Сатиры и нимфы тоже не бездействовали. Обступив с двух сторон пойманных в сеть Венеру и Марса, нимфы виляли задами, а сатиры эти зады пытались поймать в объятия.
Зрители прямо-таки умирали от смеха.
X. Не смеялись только два человека: Юлия и Юл. Для них возле самой «орхестры» на небольшом возвышении были установлены два металлических как бы трона. Помост был выкрашен серебряной краской, а троны, похоже, были позолочены. Юл Антоний лишь изредка ухмылялся или презрительно хмыкал. Юлия же сидела неподвижная, с отсутствующим взглядом, а когда порой будто приходила в себя, произносила фразы — иногда несколько фраз изрекала, — и все они были на непонятных окружающим языках: то ли на сирийском, то ли на мидийском или армянском.
Вардий полагал, что к содержанию театральных постановок Юл Антоний имел непосредственное отношение: Федр и Понтик лишь сочиняли стихи, а он, Юл, заказывал им сюжеты, предлагал мизансцены, советовал, как «узнаваемее» и смешнее распределить роли. Но делал это втайне от большинства адептов: я, дескать, простой зритель, а всё это сочиняют и изобретают авторы и актеры.
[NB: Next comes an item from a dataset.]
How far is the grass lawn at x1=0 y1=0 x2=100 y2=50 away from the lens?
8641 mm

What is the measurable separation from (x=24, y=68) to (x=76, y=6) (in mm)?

Дабы еще больше остаться в стороне, устроителем зрелищ, как греки говорят, «хорегом», Юл назначил Аппия Клавдия Пульхра. И тот, к удивлению своих друзей, ревностно приступил к исполнению возложенных на него обязанностей: снабжал актеров костюмами, присутствовал на репетициях, привлекал музыкантов, приглашал и рассаживал зрителей. При этом не только сохранил свою торжественность, но сделал ее еще более напыщенной и церемонной. Он и до этого, когда позволял себе говорить, говорил томным голосом. Теперь же к томному голосу добавил еще грассирование и делал вид, что с трудом произносит некоторые слоги. Все движения его тела стали настолько плавны и размеренны, что казалось, будто он движется в такт лишь ему одному слышной музыки. Свою сенаторскую тогу он теперь менял по нескольку раз в день, придирчиво следя за тем, чтобы она непременно блестела. Перед тем как выйти из дома, он еще старательнее, чем прежде, драпировался в нее, а когда возвращался домой, стал класть тогу под пресс, чтобы сохранить ее искусно отделанные складки.